Marcus Allen shares a name with a Hall of Fame football player, but the Evans High School receivers coach made his name locally as a baseball player.
Allen addressed a group of area football players before a seven-on-seven passing league started at Greenbrier High on June 23. The league, affiliated with the Greater Augusta Fellowship of Christian Athletes, is held at Greenbrier on Tuesday evenings in June. And each time before drills began, a different speaker gives his or her testimony.
Past speakers included former Augusta State basketball standout Garret Siler and Harlem coach Lonnie Morris.
"It gives kids a chance to get out here ... and work on passing skills," Allen said.
"But the primary focus is to kind of bring people in and let them hear about God in a very safe way, without it being forced upon them."
Allen's turn came last week. He told the campers of his struggles to keep his baseball scholarship at Augusta State after tearing his rotator cuff as a freshman.
At 5-foot-6, Allen could have been overlooked on the mound. He was pitching against then-No. 1 North Florida in 1999 when his rotator cuff tore.
Allen was on a 50 percent scholarship at the time, and coaches told Allen they wanted to see how he did during the summer before extending him the offer again.

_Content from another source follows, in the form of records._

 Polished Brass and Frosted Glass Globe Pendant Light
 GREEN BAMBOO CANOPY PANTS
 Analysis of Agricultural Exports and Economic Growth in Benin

At the time, Allen was without a car and without a reliable way to get to work, or to work out and rehab his injury.
"At my lowest point, my mom told me just to pray, get on my knees and pray," Allen said.

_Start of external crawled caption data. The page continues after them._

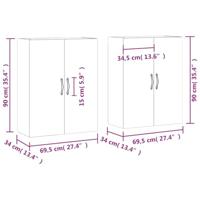 Hangkasten 2 st bewerkt hout gerookt eikenkleurig - thumbnail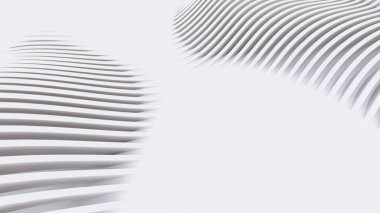 Soyut Eğri Şekiller. Beyaz Dairesel Arkaplan. Soyut arkaplan. 3d illüstrasyon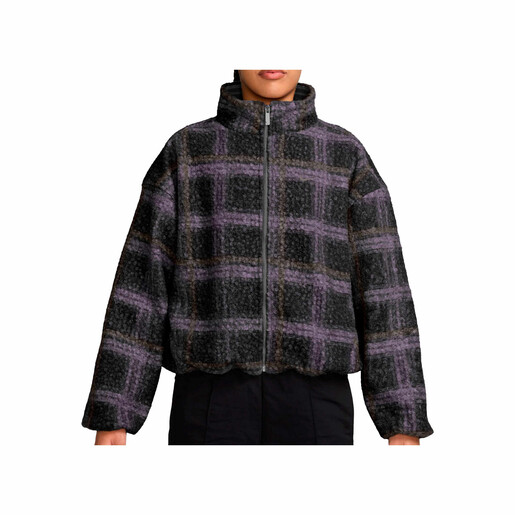 Nike Chaqueta Mujer W NK STREET AOP SHERPA JKT NEGRO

He said the next day, while walking in the rain, he was stopped by Glenn Wilkins and offered a ride. Allen knew Wilkins, who worked with a campus ministry and had invited Wilkins to Bible study. But beyond that, they had not had much interaction.
Allen told Wilkins his situation, and Wilkins told him his mother was looking to get rid of a car.
Wilkins' mother gave Allen the car. Allen worked the remainder of the summer and recovered from his injury to play three more years of baseball.
He never pitched again, but he moved to center field after the Jaguars' starter was drafted and chose to play professionally.
Allen taught in middle school before hearing of an openings on the Evans football staff and in the English department.
He also teaches a Bible elective, a class he said he was awarded over more than 15 other applicants after six months at the school.
"In football, we teach guys to stay low," Allen said. "It's the same thing in life. When you get down on your knees and humble yourself and pray, God will answer those prayers. He's more concerned about a relationship than he is at anything else."